**REQUIRED ACTION:** Write out again the lines from the line with "-FINNS Beach Club" up to and including the line with "Appartement F3 à", exactly as they stand below, and skip any picture.

**SOURCE MATERIAL:**

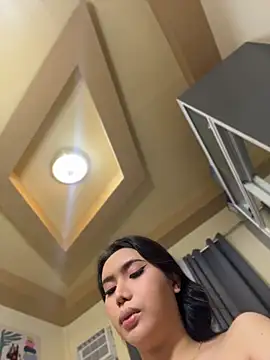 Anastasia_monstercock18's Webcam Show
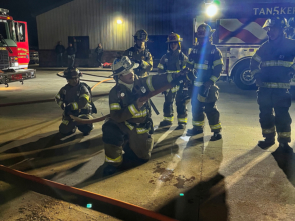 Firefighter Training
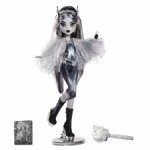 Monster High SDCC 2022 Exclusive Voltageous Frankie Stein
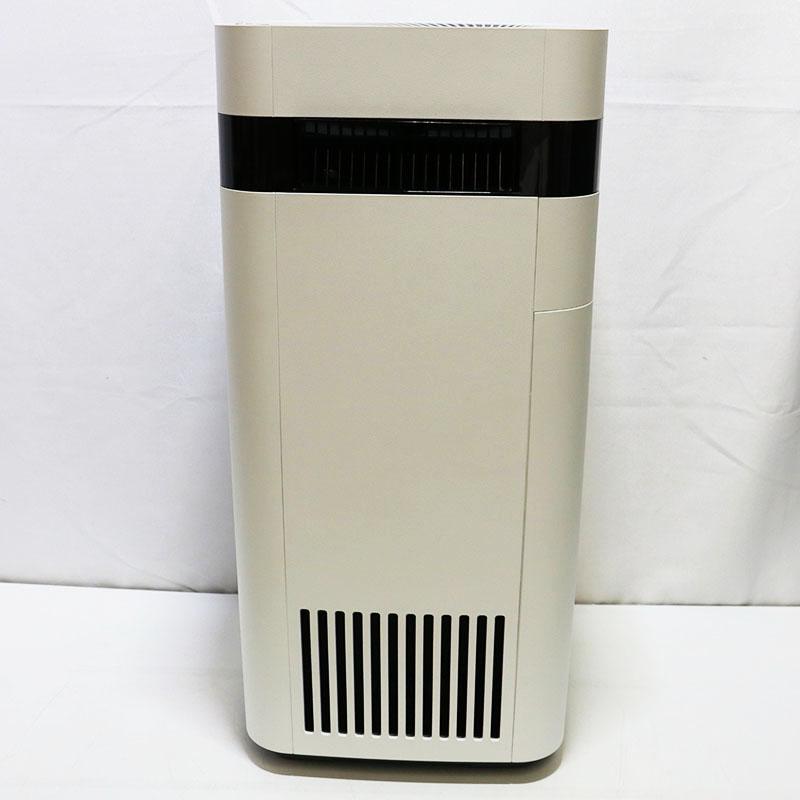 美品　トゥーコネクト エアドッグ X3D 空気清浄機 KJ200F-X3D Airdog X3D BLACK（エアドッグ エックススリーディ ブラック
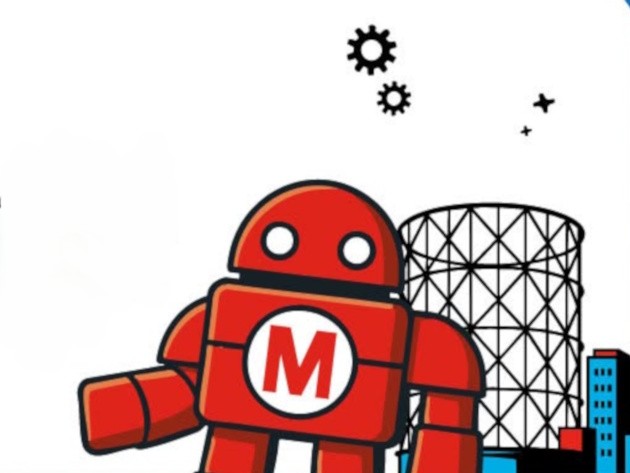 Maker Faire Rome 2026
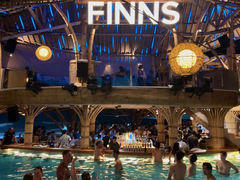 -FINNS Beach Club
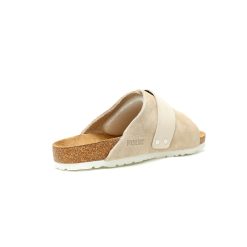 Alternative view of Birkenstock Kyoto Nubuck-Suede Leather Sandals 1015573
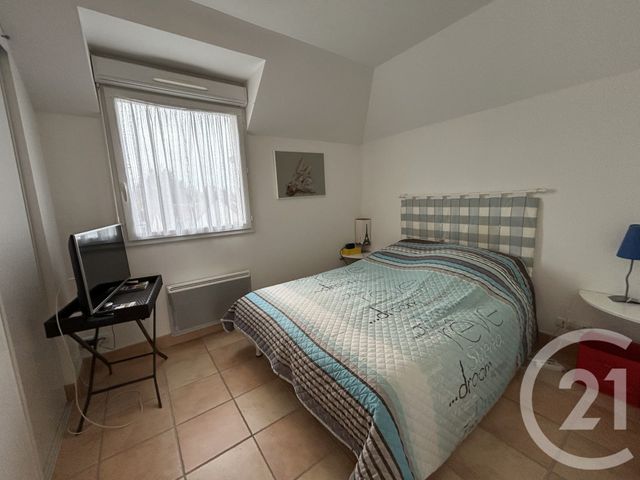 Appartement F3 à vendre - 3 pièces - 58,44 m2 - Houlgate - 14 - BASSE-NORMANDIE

==

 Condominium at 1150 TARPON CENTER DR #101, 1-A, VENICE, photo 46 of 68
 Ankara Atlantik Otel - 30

**YOUR RESPONSE:**
 -FINNS Beach Club
 Alternative view of Birkenstock Kyoto Nubuck-Suede Leather Sandals 1015573
 Appartement F3 à vendre - 3 pièces - 58,44 m2 - Houlgate - 14 - BASSE-NORMANDIE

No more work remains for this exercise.